[Source records]
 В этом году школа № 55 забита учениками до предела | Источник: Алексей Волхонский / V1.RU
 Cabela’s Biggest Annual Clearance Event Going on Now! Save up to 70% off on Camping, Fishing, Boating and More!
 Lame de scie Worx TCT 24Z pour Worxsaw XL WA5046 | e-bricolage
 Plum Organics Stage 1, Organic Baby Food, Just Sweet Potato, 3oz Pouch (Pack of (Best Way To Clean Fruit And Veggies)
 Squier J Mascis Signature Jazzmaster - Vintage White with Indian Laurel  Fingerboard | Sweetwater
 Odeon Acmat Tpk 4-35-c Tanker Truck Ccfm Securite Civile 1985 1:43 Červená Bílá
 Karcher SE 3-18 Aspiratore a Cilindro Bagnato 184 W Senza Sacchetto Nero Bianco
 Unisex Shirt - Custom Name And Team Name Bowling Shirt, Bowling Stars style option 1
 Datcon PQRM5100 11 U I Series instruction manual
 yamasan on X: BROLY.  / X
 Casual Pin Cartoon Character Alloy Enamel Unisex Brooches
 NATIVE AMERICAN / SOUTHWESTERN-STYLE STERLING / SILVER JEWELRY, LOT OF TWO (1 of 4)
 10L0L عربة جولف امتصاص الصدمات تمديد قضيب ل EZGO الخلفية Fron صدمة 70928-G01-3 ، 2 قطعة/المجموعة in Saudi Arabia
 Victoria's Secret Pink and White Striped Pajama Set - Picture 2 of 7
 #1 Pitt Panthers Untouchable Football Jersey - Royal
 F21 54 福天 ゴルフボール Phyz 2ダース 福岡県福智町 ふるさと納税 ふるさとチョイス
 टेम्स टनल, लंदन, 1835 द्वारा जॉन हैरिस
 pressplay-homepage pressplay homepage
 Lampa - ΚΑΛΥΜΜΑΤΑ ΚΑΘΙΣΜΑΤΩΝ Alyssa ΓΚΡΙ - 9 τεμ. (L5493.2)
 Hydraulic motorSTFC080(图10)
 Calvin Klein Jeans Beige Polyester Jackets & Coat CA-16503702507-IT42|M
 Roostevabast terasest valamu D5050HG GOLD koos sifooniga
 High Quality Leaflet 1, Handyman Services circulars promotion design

Work task
The required answer is the exact run of lines above starting at the line with "Lame de scie" and ending at the line with "NATIVE AMERICAN /", with both ends present.

Answer
 Lame de scie Worx TCT 24Z pour Worxsaw XL WA5046 | e-bricolage
 Plum Organics Stage 1, Organic Baby Food, Just Sweet Potato, 3oz Pouch (Pack of (Best Way To Clean Fruit And Veggies)
 Squier J Mascis Signature Jazzmaster - Vintage White with Indian Laurel  Fingerboard | Sweetwater
 Odeon Acmat Tpk 4-35-c Tanker Truck Ccfm Securite Civile 1985 1:43 Červená Bílá
 Karcher SE 3-18 Aspiratore a Cilindro Bagnato 184 W Senza Sacchetto Nero Bianco
 Unisex Shirt - Custom Name And Team Name Bowling Shirt, Bowling Stars style option 1
 Datcon PQRM5100 11 U I Series instruction manual
 yamasan on X: BROLY.  / X
 Casual Pin Cartoon Character Alloy Enamel Unisex Brooches
 NATIVE AMERICAN / SOUTHWESTERN-STYLE STERLING / SILVER JEWELRY, LOT OF TWO (1 of 4)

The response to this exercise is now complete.